Электронная микроскопия
Позволяет рассмотретьультраструктуру клеток, определить природу их происхождения (гистогенез). Так, в клетках опухоли неясного, спорного гистогенеза можно рассмотреть такие структуры, как нейросекреторные гранулы в карциноидах, синаптические пузырьки нейрогенных опухолей, премеланосомы беспигментых меланом, капли липидов в дедифференцированных липосаркомах, скопления гликогена в саркомах Юинга, филаментозную субстанцию рабдоидных опухолей, саркомерных формаций в рабдомиосаркомах. Типы межклеточных соединений дают возможность установить гистотип клеток.
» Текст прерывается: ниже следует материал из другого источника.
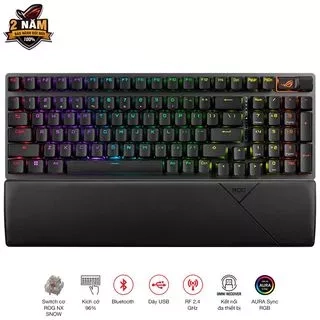 Bàn phím cơ gaming FPS không dây ROG Strix Scope II 96 WL switch cơ ROG NX Snow - màu đen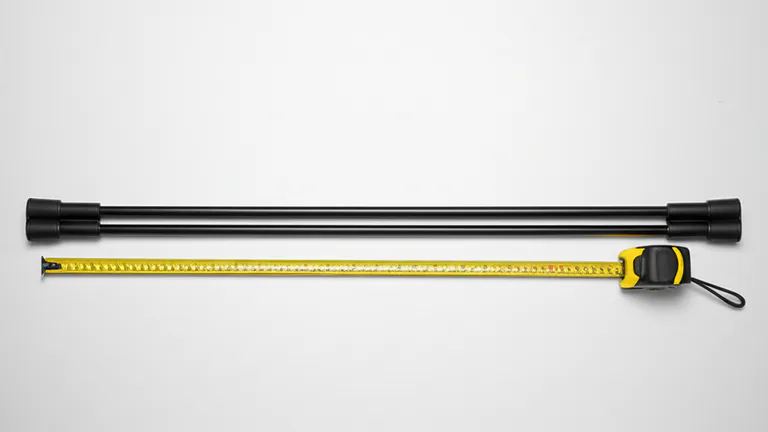 Overhead flat lay of SWB telescopic window security bar and tape measure for window measurement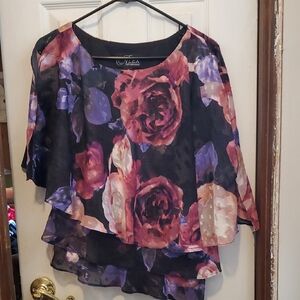 Alex Evenings Black and Purple Floral Blouse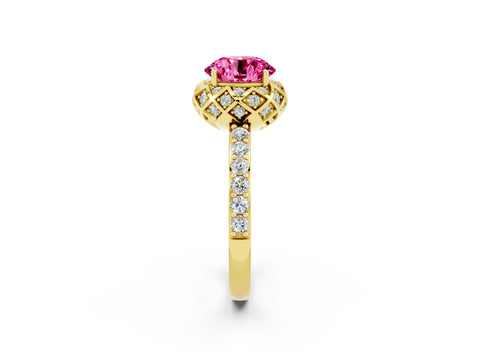 Yellow gold Round Cut Diamond Solitaire Ring with Shared Prong Pavé Band_2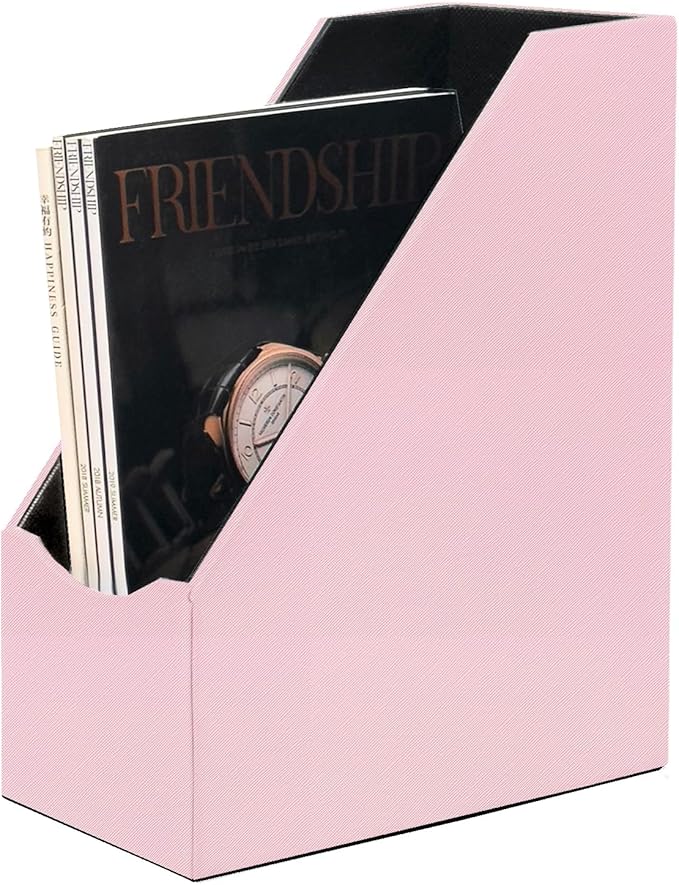 UnionBasic Magazine File Holder, Leatherette Desktop Document Organizer, Home Office Paper Holder File Storage Literature Sorter, Pink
Цитогенетическое исследование и молекулярно-генетический анализ
Цитогенетическому исследованию подвергаются опухолевые клетки, которые после взятия биологического материала (биопсия, операция, пункция) инкубируют несколько дней в термостате в асептических условия. Сложность заключается в выделении из свежего, «тёплого», нефиксированного материала жизнеспособных опухолевых клеток; отделении их от стромы, что при исследовании солидных опухолей может представлять значительные сложности, т.к. необходимо специальное оборудование - гомогенизаторы, фильтры/сетки с очень малым размером ячеи и пр. После упомянутой инкубации в культуру клетокдобавляют вещество, стимулирующее митоз, затем колхицин, под влиянием которого формируется метафазная пластинка (блокируется синтез микротрубочек из белка тубулина, сокращение которого перемещает хромосомы в центры будущих дочерних клеток). После этого, из культуры клеток делают мазок, который фиксируют и окрашивают в очень кислой среде краской Гимзы (Giemsa stain). В результате такой окраски хромосомы приобретают специфическое неравномерное окрашивание в виде полос, которые принято называть G-бэндами. Каждая пара хромосом имеет свое специфическое окрашивание, своеобразный «рисунок», который изменяется в случае хромосомных аберраций (делеции, транслокации, инверсии).
Другие молекулярно-биологические методы, применяемые для уточняющей диагностики опухолей – исследование реаранжировки генов методом «саузеринг-блоттинга», проточная цитометрия, флюресцентная гибридизация “in situ” (FISH), многоцветное кариотипирование, сравнительная геномная гибридизация и самая последняя разработка – применение биочипов. Описание этих методик следует смотреть в соответствующих руководствах.
На некоторые виды опухолей, где возможно получать клоны опухолевых клеток, такие как лейкозы и лимфомы, составлены уточненные карты хромосомных аберраций. В настоящее время многие солидные опухоли также подвергаются углубленному хромосомному и молекулярно-генетическому исследованию. Развитие вышеуказанных методик привело к тому, что «золотым стандартом» в диагностике лимфом и мягкотканых сарком сейчас является молекулярная генетика.
Морфологические исследования тесно связаны с клиникой, определением биологических особенностей опухолевого роста (чувствительность/резистентность к химиопрепаратам, облучению) и поэтому их значение в практической онкологии неуклонно возрастает.